When investors start worrying about Warren Buffett's Berkshire Hathaway

I have already made a few posts about Warren Buffett in the past several months:
But here's a good summary of what has been happening with Berkshire and explain why Buffett has been supportive of the reckless policities pursued by the Fed and the Government:
April 28 (Bloomberg) -- Berkshire Hathaway Inc. shareholders have a chance this year to do something that’s rare among the Sage of Omaha’s followers: count their losses.
One reason: Chief Executive Officer Warren Buffett’s increasing use of derivatives [...] Buffett once called derivatives “time bombs” doesn’t calm investors.
Buffett himself has warned of an increasing possibility he might have a loss from one type of contract on Berkshire’s books. Fitch Ratings and Moody’s Investors Service have lowered their credit ratings on Berkshire, partly because of the derivatives.
Berkshire’s derivatives fall into four categories. Because they carry the greatest notional value, at $37.1 billion, most attention is on put options that Buffett sold on stock indexes in the U.S., U.K., euro zone and Japan that expire from September 2019 to January 2028. Berkshire has to pay at expiration if any of the indexes are lower than they were when the puts were written.

While analysis of these bets shows big losses are unlikely, Buffett, 78, hasn’t provided sufficient information on the derivatives to keep some investors from hitting the sell button.
Some economists compare today with the Great Depression, and some of the puts may have been written near the U.S. market’s all-time high in late 2007, according to information Buffett has disclosed. The S&P 500 in March was down 57 percent from its peak.

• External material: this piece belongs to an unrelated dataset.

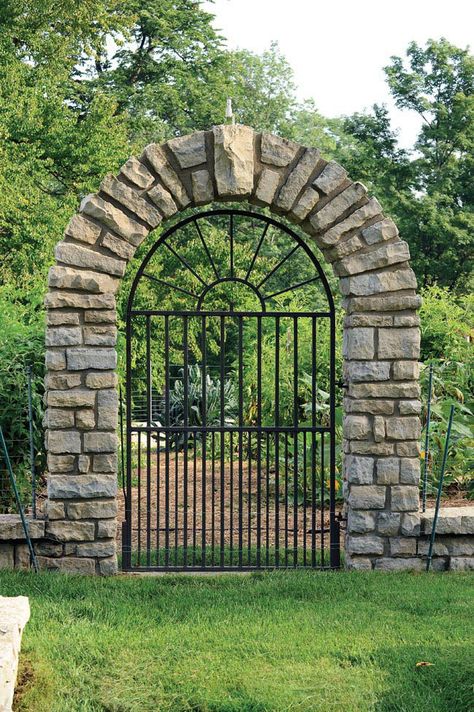 Garden fencing keeps the critters out Casa Rock, Diy Brick Wall, Arch Gate, Country Garden Design, Garden Archway, Stone Archway, Stone Exterior Houses, Home Garden Ideas, Prayer Garden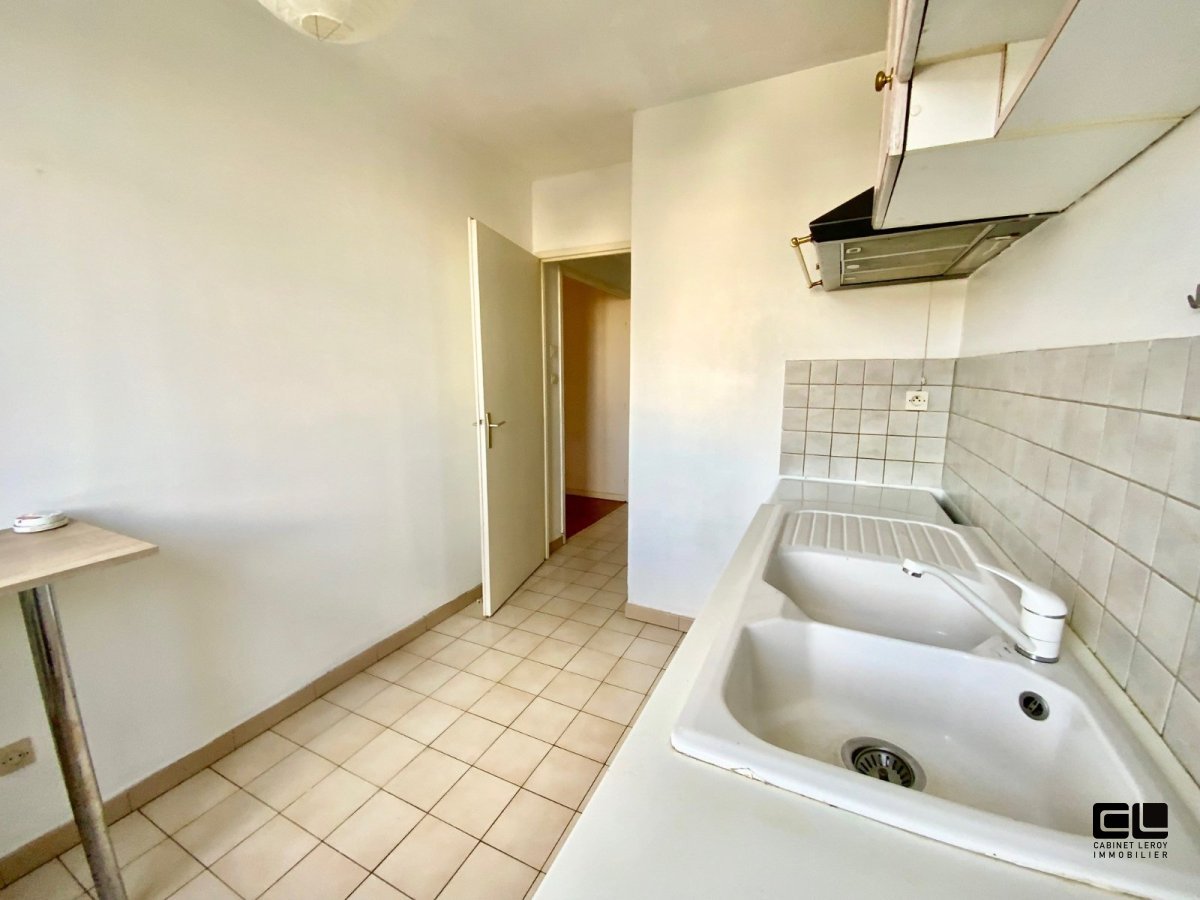 APPARTEMENT T3 A VENDRE - VILLEURBANNE - 70 m2 - 275�000�&euro;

Berkshire hasn’t disclosed sufficient information to fully analyze its other derivatives, Shanker says. One category is simply municipal bond insurance structured as derivatives; the risks here are similar to those for his municipal bond insurer. Another type consists of credit-default swaps through which Berkshire guarantees payment of individual corporate bonds. Those bets were relatively small, totaling $3.9 billion in notional value at the end of last year.

The final category is the most worrisome, Shanker says. Berkshire has sold contracts that require it to pay when credit losses occur at companies that are included in certain unnamed high-yield-bond indexes. The notional value is $7.9 billion.
Losses on these contracts are accelerating as bankruptcies grow, Buffett said in his shareholder letter in February. “Now with the recession deepening at a rapid rate, the possibility of an eventual loss has increased,” he wrote.